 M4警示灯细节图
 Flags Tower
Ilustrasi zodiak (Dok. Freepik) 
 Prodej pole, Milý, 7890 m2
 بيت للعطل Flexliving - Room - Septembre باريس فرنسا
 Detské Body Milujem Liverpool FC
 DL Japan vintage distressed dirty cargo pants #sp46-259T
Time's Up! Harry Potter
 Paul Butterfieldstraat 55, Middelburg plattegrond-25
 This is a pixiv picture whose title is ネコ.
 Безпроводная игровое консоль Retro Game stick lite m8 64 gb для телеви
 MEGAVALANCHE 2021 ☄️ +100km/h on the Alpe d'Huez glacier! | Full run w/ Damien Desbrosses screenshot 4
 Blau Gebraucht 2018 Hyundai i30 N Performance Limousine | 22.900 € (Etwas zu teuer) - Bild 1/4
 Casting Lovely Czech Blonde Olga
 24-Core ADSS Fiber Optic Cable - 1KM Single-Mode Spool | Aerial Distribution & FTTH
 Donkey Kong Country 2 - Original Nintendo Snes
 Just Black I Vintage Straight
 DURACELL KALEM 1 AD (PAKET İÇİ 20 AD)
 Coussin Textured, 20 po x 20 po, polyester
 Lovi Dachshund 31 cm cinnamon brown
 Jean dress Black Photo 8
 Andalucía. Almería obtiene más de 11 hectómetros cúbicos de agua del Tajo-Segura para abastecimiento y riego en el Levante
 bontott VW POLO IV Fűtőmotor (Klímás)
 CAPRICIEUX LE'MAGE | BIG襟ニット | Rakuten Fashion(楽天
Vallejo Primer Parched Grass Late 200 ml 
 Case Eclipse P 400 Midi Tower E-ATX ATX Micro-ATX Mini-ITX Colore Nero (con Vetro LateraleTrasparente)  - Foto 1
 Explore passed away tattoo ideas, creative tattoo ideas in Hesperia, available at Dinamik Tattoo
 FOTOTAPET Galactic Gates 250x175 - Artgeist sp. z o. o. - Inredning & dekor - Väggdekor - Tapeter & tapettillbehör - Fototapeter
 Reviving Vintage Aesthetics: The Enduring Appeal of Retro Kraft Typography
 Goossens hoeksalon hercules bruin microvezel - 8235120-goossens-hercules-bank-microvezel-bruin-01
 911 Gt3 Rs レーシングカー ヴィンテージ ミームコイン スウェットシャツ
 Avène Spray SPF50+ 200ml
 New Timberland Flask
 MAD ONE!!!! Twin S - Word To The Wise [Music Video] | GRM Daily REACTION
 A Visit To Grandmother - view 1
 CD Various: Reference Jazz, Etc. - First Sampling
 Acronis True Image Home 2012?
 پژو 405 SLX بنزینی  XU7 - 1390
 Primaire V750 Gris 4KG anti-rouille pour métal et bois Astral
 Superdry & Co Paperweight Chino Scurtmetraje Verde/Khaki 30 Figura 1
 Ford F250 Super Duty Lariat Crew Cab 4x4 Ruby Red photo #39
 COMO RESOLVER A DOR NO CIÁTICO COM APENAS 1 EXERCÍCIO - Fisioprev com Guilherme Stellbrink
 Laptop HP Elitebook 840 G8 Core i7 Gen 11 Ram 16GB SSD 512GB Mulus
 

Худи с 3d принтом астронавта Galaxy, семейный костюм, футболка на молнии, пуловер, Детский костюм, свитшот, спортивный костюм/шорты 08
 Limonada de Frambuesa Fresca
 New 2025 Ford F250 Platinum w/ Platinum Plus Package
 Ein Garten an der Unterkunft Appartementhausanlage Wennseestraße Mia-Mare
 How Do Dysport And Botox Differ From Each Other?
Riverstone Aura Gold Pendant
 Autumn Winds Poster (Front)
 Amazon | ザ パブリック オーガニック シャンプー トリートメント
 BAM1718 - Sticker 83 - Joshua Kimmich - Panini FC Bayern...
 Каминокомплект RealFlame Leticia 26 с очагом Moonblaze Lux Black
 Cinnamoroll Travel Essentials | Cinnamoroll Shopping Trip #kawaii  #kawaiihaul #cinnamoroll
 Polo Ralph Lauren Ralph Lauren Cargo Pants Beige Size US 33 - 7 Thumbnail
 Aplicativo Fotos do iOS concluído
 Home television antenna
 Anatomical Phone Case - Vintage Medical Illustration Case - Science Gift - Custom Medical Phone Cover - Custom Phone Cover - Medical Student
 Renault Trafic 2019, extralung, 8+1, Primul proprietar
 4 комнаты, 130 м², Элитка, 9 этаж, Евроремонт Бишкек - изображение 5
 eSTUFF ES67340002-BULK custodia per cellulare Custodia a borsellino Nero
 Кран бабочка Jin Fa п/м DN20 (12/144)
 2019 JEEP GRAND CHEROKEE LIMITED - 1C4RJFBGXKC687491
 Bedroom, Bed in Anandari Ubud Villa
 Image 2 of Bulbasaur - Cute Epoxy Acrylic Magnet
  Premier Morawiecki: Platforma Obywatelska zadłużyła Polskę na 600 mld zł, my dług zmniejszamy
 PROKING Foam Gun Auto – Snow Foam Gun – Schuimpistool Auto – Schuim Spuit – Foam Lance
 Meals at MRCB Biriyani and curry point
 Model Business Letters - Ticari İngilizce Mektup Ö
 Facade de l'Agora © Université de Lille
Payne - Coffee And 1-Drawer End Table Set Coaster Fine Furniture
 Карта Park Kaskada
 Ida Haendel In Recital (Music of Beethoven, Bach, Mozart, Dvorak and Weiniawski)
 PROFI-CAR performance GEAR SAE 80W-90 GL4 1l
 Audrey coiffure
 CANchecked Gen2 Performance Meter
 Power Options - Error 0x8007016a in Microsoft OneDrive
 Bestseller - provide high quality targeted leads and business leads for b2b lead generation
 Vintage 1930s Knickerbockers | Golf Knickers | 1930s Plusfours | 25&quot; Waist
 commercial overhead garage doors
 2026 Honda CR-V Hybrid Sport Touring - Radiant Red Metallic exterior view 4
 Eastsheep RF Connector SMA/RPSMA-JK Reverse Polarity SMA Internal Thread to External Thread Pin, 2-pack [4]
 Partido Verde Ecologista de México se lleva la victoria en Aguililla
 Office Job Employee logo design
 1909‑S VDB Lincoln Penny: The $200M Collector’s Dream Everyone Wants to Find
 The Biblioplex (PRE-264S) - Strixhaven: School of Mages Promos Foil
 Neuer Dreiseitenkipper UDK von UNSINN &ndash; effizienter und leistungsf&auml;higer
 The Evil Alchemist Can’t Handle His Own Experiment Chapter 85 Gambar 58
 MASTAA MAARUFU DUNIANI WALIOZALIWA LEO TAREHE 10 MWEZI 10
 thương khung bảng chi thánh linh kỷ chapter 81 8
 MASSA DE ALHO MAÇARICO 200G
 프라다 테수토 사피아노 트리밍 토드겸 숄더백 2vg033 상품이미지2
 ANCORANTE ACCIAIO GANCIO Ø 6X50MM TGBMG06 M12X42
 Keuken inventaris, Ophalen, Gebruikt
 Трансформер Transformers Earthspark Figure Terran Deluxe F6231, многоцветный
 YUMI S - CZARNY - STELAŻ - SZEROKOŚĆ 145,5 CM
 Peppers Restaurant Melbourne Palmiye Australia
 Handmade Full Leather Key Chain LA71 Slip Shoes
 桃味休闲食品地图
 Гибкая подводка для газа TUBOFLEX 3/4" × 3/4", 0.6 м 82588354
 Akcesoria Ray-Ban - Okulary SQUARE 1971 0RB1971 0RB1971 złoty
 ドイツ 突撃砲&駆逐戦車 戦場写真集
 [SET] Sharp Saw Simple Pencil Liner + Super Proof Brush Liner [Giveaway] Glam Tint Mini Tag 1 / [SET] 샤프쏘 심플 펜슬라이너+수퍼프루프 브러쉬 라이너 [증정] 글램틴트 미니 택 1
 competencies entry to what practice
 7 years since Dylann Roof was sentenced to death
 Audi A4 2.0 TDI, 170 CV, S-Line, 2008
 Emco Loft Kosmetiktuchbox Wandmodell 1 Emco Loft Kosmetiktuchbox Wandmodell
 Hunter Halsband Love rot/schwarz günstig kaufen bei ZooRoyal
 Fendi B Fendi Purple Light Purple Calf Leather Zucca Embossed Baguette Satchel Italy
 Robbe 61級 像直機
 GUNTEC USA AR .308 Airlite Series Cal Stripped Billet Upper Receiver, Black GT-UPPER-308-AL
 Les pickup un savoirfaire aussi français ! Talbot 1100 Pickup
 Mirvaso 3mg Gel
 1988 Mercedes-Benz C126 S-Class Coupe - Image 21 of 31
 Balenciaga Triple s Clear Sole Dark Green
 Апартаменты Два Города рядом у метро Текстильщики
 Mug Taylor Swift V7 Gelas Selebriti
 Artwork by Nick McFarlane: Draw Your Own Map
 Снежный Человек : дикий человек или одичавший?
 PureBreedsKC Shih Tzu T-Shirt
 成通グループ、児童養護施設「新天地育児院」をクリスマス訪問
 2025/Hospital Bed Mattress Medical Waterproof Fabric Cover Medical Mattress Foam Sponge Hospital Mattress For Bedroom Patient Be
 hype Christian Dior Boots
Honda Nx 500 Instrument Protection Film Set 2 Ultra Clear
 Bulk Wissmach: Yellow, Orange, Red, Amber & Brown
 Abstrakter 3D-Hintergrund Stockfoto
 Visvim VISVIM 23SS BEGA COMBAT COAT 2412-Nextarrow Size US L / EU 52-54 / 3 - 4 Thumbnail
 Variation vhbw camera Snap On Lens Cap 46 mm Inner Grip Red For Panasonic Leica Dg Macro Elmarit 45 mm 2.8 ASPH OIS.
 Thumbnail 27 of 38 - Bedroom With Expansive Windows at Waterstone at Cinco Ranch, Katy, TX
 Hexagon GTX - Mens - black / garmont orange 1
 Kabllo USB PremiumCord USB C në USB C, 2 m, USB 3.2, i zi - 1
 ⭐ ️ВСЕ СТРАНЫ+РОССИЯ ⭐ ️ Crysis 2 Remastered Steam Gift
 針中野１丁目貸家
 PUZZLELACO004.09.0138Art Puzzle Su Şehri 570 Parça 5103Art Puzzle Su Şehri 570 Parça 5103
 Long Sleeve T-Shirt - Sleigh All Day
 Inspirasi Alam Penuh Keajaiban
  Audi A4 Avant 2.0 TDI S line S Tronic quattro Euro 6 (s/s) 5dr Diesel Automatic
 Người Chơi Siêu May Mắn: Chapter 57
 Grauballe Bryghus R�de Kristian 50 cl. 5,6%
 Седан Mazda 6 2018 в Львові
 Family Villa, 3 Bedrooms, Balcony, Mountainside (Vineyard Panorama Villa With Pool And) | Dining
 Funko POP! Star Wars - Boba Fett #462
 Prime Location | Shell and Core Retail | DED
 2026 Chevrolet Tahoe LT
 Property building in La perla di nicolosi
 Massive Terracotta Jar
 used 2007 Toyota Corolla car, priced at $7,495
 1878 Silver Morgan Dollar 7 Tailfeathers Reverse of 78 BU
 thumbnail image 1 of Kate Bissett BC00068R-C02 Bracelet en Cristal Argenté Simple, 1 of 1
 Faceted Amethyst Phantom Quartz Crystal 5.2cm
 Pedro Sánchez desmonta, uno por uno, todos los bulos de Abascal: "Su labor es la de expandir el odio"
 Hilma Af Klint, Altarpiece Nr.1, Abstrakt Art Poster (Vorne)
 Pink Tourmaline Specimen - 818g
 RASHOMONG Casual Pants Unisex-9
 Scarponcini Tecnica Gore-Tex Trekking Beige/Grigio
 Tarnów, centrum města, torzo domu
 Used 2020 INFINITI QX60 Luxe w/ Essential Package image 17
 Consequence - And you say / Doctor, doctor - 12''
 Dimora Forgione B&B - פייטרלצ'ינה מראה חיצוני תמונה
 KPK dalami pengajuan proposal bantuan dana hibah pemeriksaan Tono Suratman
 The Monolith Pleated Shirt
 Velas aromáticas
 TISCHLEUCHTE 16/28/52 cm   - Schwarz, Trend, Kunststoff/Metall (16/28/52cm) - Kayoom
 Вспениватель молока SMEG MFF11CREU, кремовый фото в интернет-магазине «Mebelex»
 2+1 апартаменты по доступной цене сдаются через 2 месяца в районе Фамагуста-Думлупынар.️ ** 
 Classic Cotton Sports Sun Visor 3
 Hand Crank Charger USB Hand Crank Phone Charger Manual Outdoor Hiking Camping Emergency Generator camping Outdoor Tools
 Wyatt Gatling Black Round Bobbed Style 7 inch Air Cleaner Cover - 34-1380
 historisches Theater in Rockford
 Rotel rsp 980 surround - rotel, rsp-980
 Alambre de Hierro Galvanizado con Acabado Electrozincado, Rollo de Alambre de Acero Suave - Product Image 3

^^^^

• TASK
In the records, find every line that has the string "Tower" and copy it.

• WRITTEN REPLY
 Flags Tower
 Case Eclipse P 400 Midi Tower E-ATX ATX Micro-ATX Mini-ITX Colore Nero (con Vetro LateraleTrasparente)  - Foto 1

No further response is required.